The Daily Office · For guilt
What is good
Micah 6:8
8He has told you, O man, what is good; and what does the LORD require of you but to do justice, and to love kindness, and to walk humbly with your God? Destruction of the Wicked
What's happening here
Micah is writing in the eighth century BC to a kingdom drowning in ritual religion — endless sacrifices, meticulous temple attendance, while justice in the streets rotted. The prophet stages a courtroom scene in which God is the plaintiff and Israel is the defendant. The verdict, when it comes, is startling for its smallness: not more temple, not more law. Three things — do justice, love mercy, walk humbly — and justice leads the list.
The word that matters
Hebrew · justice as the proper shape of a community
Mishpat is not what courts produce; it is what courts exist to discover. In the Hebrew Bible it is closer to "the right arrangement" — a community where the widow is not pushed to the edge, where the foreigner is not exploited, where the poor can stand upright. Micah does not say to feel passionate about justice.
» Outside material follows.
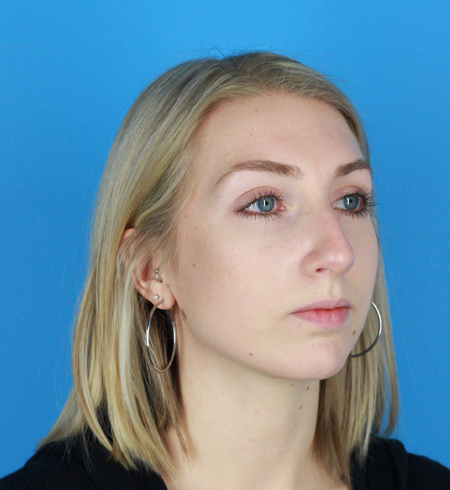 Rhinoplasty Before & After Image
He says to do it.
Where else this shows up
Isaiah 1:17
Another eighth-century prophet with the same diagnosis: "seek justice, correct oppression; bring justice to the fatherless, plead the widow's cause."
Amos 5:24
"Let justice roll down like waters, and righteousness like an ever-flowing stream." Mishpat as a force of nature, not a committee decision.
Matthew 23:23
Jesus rebukes the Pharisees for tithing mint and cumin while neglecting "the weightier matters of the law: justice and mercy and faithfulness." Mishpat leads his list.